____ RECORDS FOR THIS EXERCISE
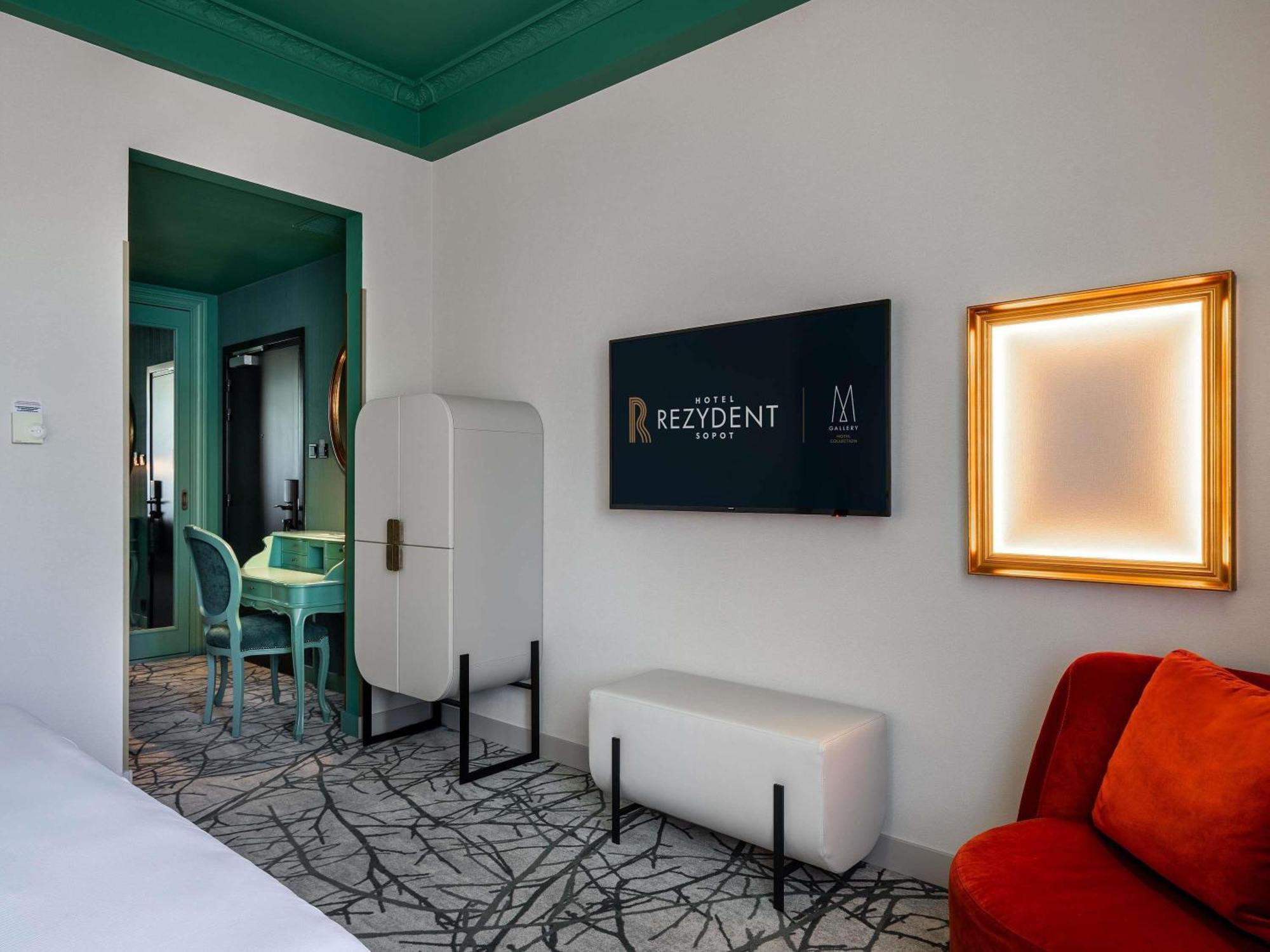 Superior King Room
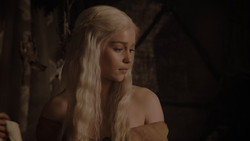 extant_GameOfThrones_1x02-TheKingsroad_3363
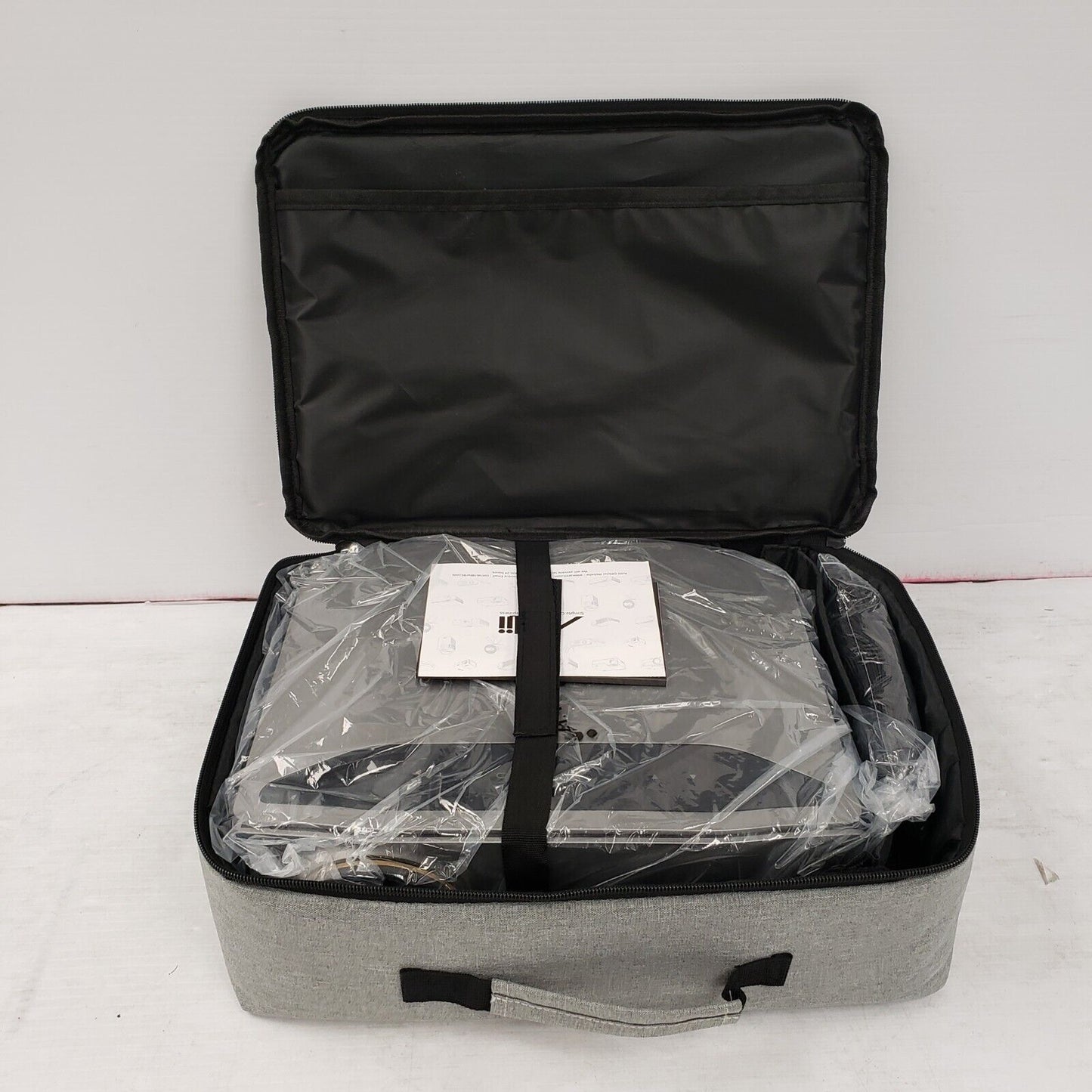 (30541-1) Artii YG620 Projector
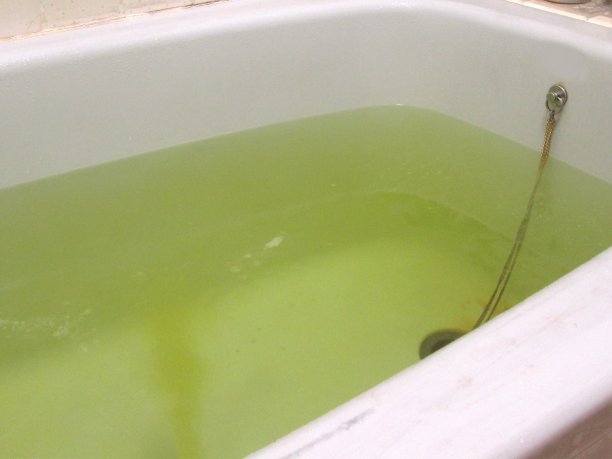 用浴盐洗澡图片下载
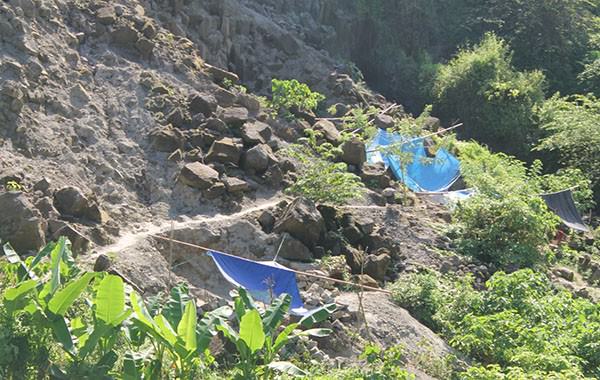 nekat-ditutup-berulangkali-tambang-batu-padas-muncul-lagi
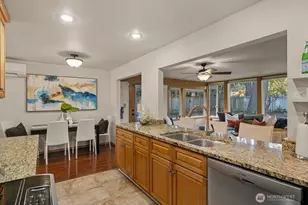 15014 54th Pl W, Edmonds, WA 98026 - Photo 13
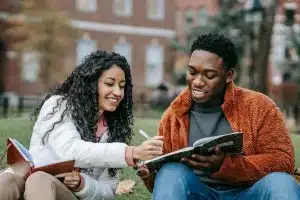 students studying for the best majors at USC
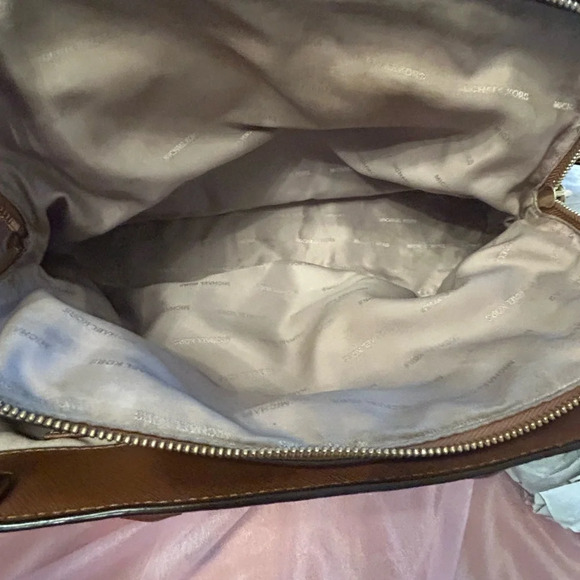 Michael Kors Tan Leather Shoulder Bag - Picture 3 of 11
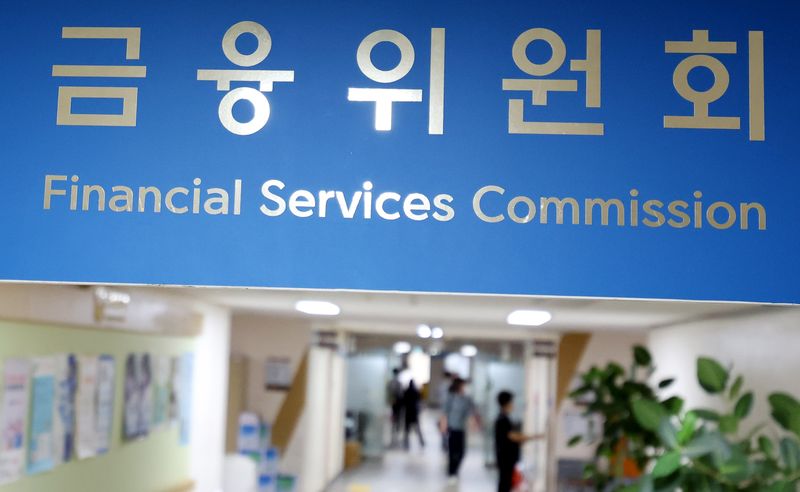 정부서울청사에서 금융위원회 직원들이 사무실 앞을 오가고 있다. 사진=뉴시스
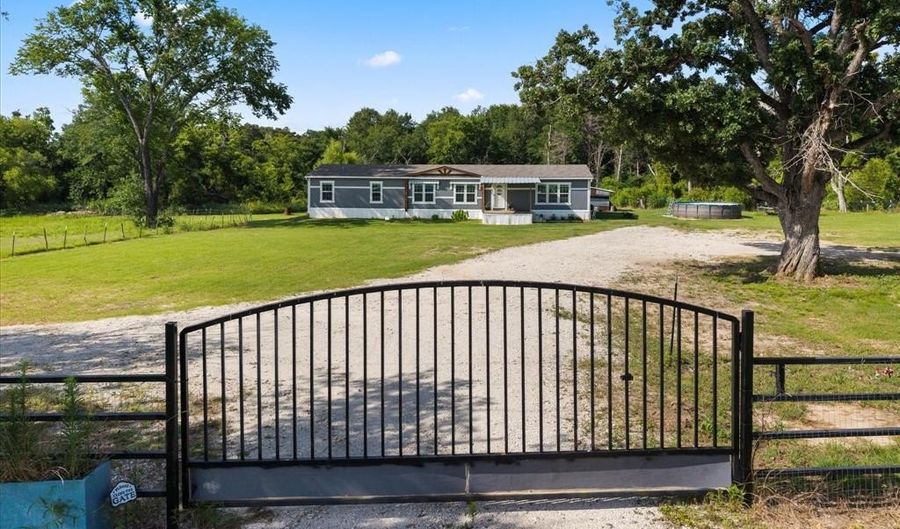 376 State Highway 179, Teague, TX 75860 - 4 Beds, 2 Bath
________
◆ **YOUR OBJECTIVE**:
The answer must be the listing above, restated word for word, with no images in it.

◆ **EXPECTED OUTPUT**:
 Superior King Room
 extant_GameOfThrones_1x02-TheKingsroad_3363
 (30541-1) Artii YG620 Projector
 用浴盐洗澡图片下载
 nekat-ditutup-berulangkali-tambang-batu-padas-muncul-lagi
 15014 54th Pl W, Edmonds, WA 98026 - Photo 13
 students studying for the best majors at USC
 Michael Kors Tan Leather Shoulder Bag - Picture 3 of 11
 정부서울청사에서 금융위원회 직원들이 사무실 앞을 오가고 있다. 사진=뉴시스
 376 State Highway 179, Teague, TX 75860 - 4 Beds, 2 Bath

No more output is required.